Perhaps this instruction regarding rounding was meant for a group of problems, in the event that a decimal expression representing the percentage had more than one digit to the right of the decimal point.

When told to round to one decimal place, if there is only one such place, then no rounding is required.
 
I know that but nothing changed. So they put superfluous instructions that only served to confuse me. If they didn't put that to round up shenannigans I wouldn't have got it wrong because I would have looked at it and just left it alone.
 
yes but your instructor WANTS you to understand what one decimal place is. he wants you to think on the quiz. i understand though. sometimes i have instructors that take off points even though the answer was right and when i look back its only because i didnt round right or box the answer or something dumb like that.
 
OMGMathPLS said:
I know that but nothing changed. So they put superfluous instructions that only served to confuse me. If they didn't put that to round up shenannigans I wouldn't have got it wrong because I would have looked at it and just left it alone.

Let me ask you...how would you round 87.51 to one decimal place?
 
Ok, can we please break it down. What does it mean to round to one decimal place?

For example:

.6 becomes 1 right?

and 21.3 becomes 21 right?

That's what I thought it meant.

Where is the decimal place?I would round 87.51 to 87.5
 
one decimal place:

0.125 rounds to 0.1
1.378 rounds to 1.4
2.64797546413246545113 rounds to 2.6
 
Ok, so round to one decimal place means

round and leave one number after the .

.3

.4

.6 etc?
 
  • #10
OMGMathPLS said:
Ok, can we please break it down.
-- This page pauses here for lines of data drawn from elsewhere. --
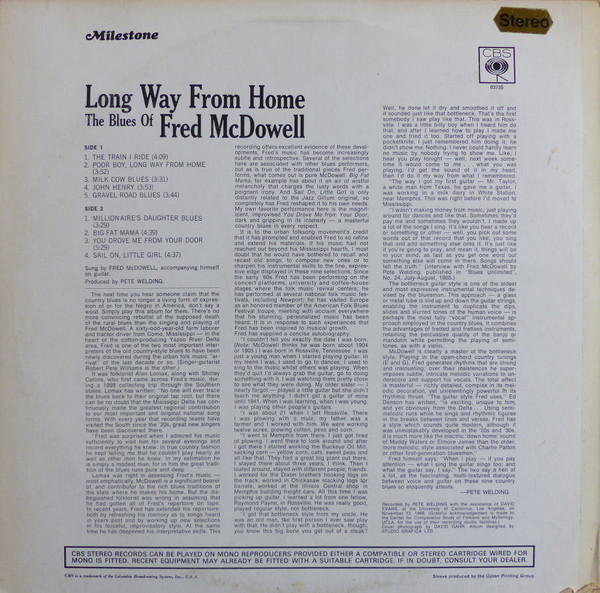 Fred McDowell-1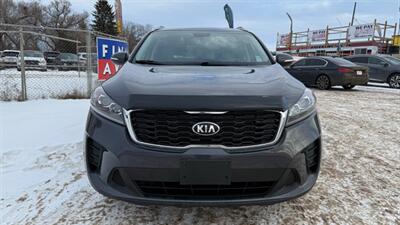 2019 Kia Sorento LX   - Photo 2 - Edmonton, AB T6V 1H4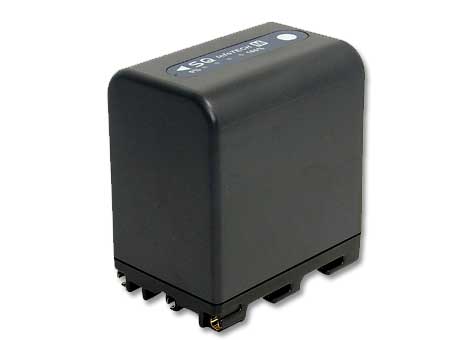 Recambio de Batería para videocámara  SONY DCR-PC110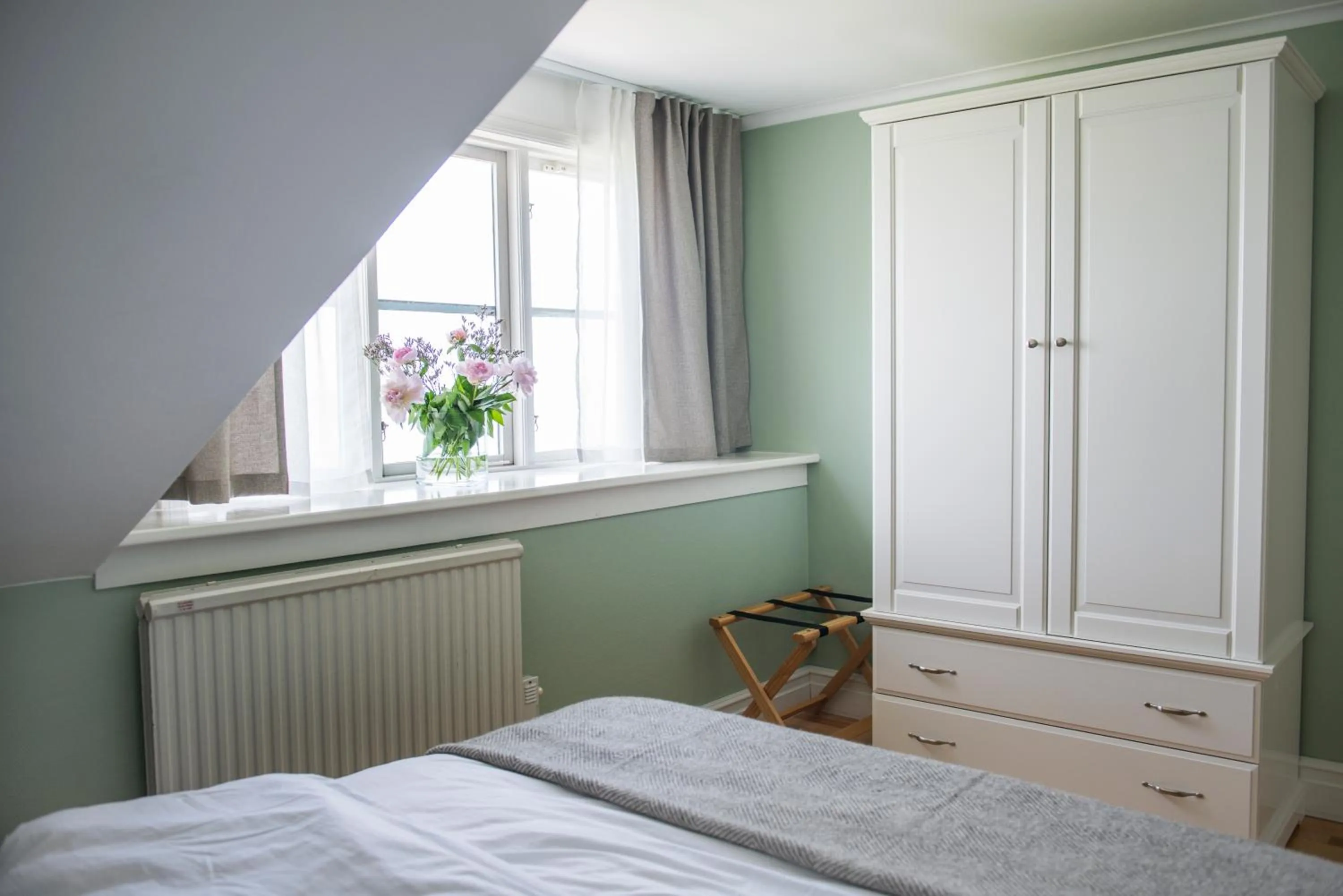 Photo of the whole room, Bed in Villa Alma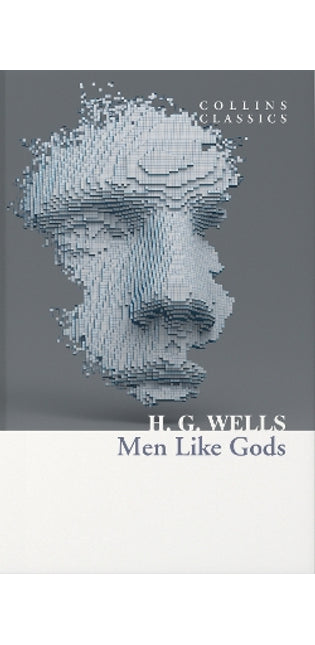 Men Like Gods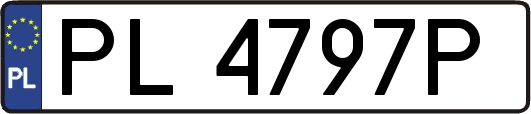 PL4797P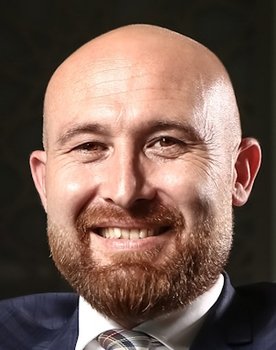 Köksal Ünal as 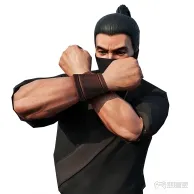 紫塞秋风全敌人BOSS图鉴 招式内功+兵器掉落(27)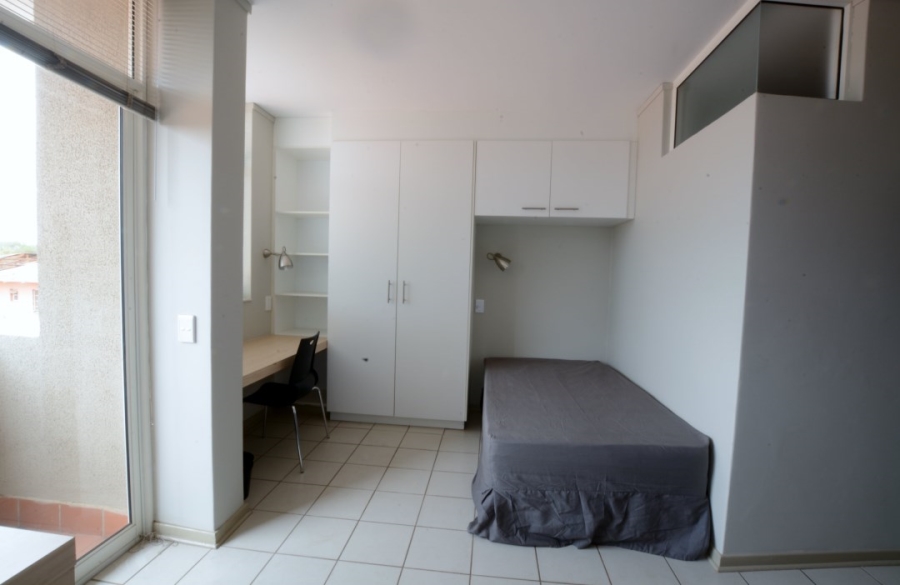 1 Bedroom Property for Sale in Hatfield Gauteng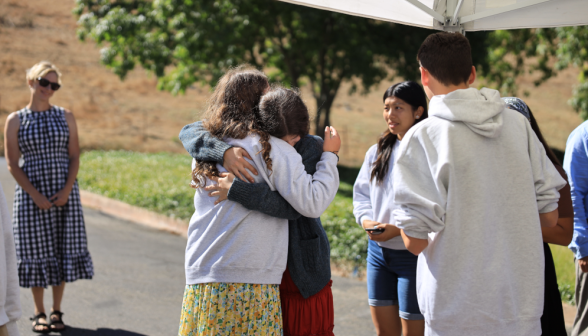 Goodbyes
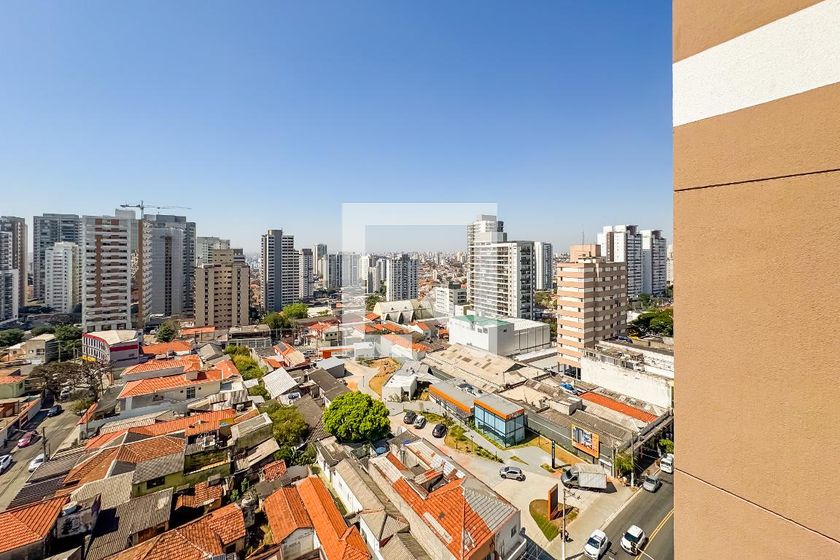 Kitnet-Studio, 26 m² - Foto 14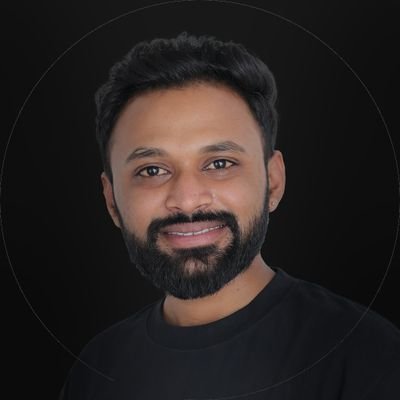Co-Founder & CEO at Techienutz IT Services 🚀 | Computer Engineer | Passionate about mobile & web development | Leading with innovation and vision 📱💻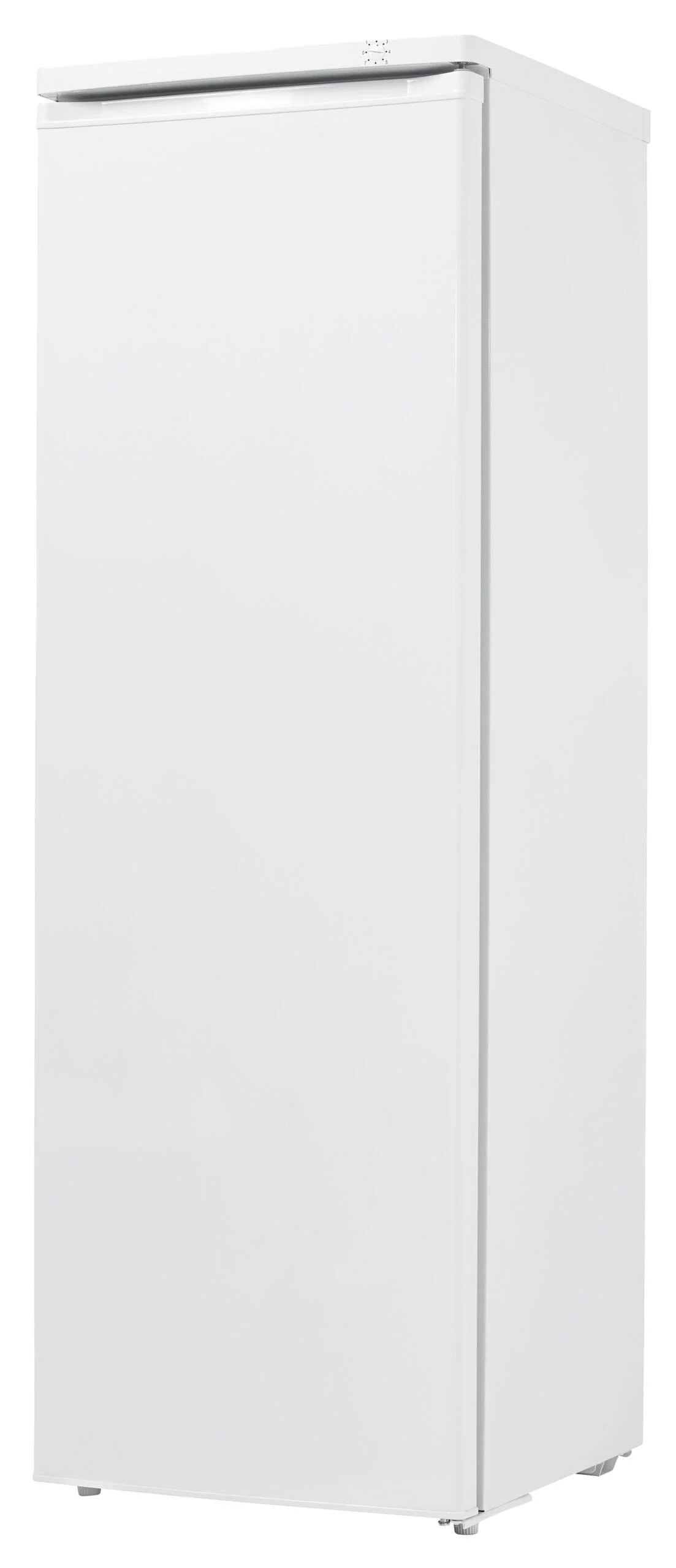 DUF071A3WDB Danby 7.1 cu. ft. Upright Freezer in White - Image 2
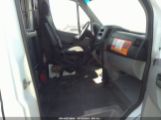 MERCEDES-BENZ SPRINTER 2500 HIGH ROOF photo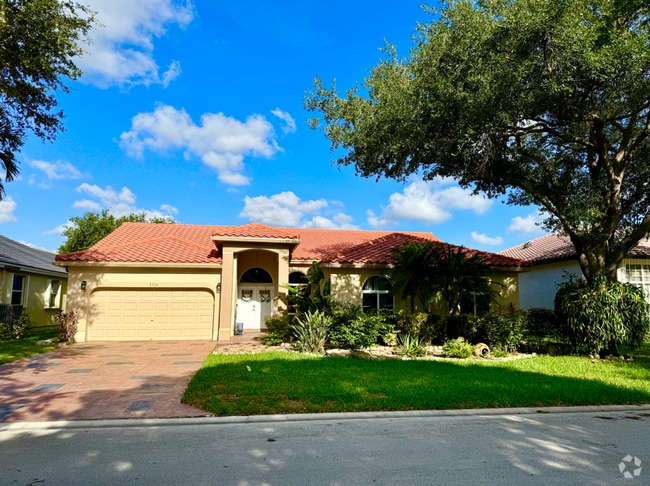 Building Photo - 5316 NW 57th Way Rental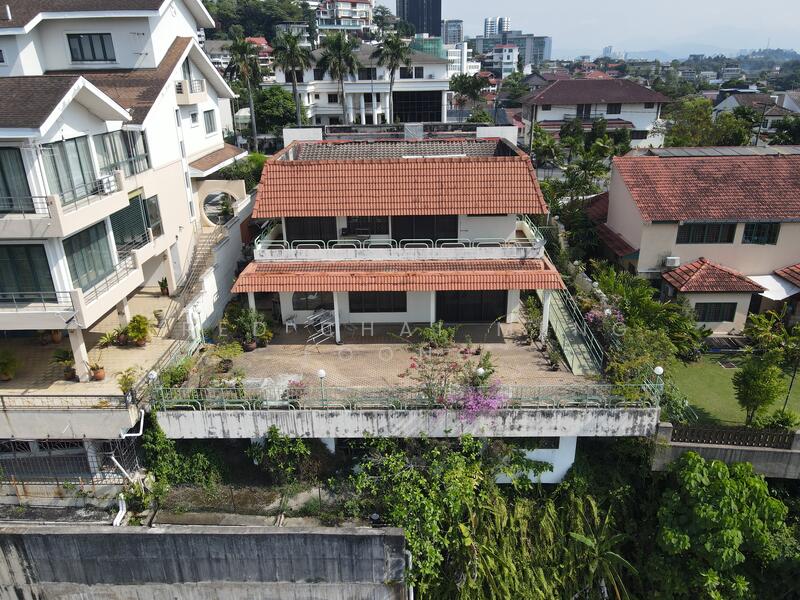 Bungalow for Sale in Bangsar (Kuala Lumpur) - Fred Chai Meng Foong - Exterior - PropertyGuru.com.my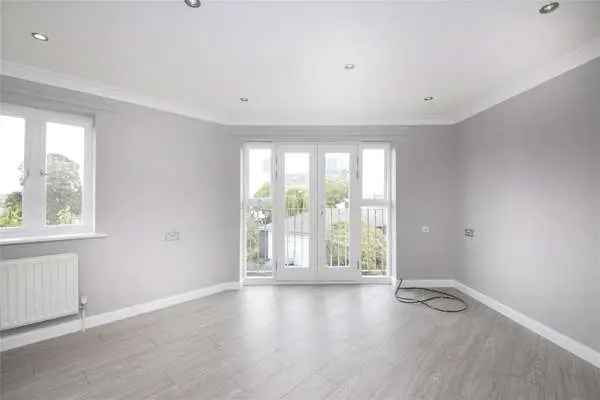 Two-Bedroom Apartment for Sale in London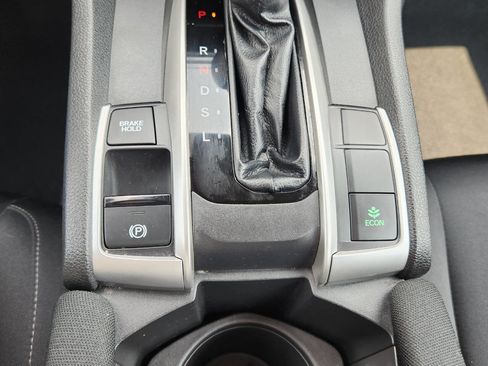Used 2021 Honda Civic LX image 23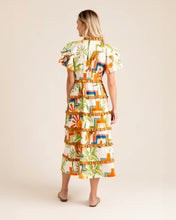 Load image into Gallery viewer, Alden Adair Yasmine Dress | Sahara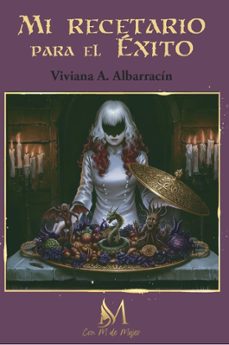 mi recetario para el exito-viviana a. albarracin-9791387615925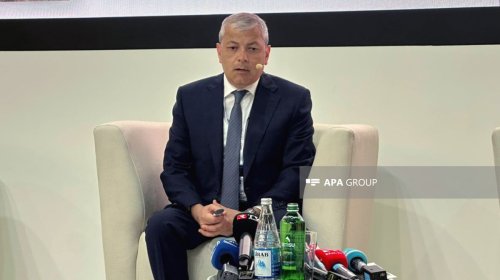 Şuşa və Trabzon şəhərləri qardaşlaşacaq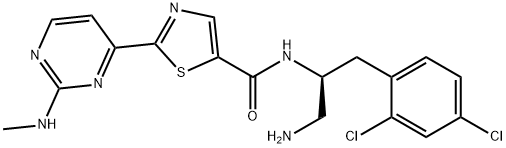 DC-120 Structure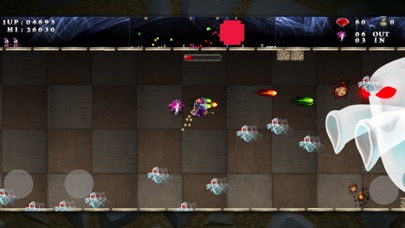 Screenshot #3 pour Fairy Fire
What does it mean to round to one decimal place?

For example:

.6 becomes 1 right?

and 21.3 becomes 21 right?

That's what I thought it meant.

Where is the decimal place?I would round 87.51 to 87.5

Rounding to one decimal place means to round to the nearest tenth. So, 0.6 remains as 0.6 and 21.3 remains as 21.3. You did round 87.51 correctly to 87.5. :D
 
  • #11
:) exactly
 
  • #12
Ok, thank you. That's why it was wrong. Now I understand. It makes sense thank you/
 
  • #13
it Would have been 88 if your professor said to round to the nearest whole number or to the nearest integer.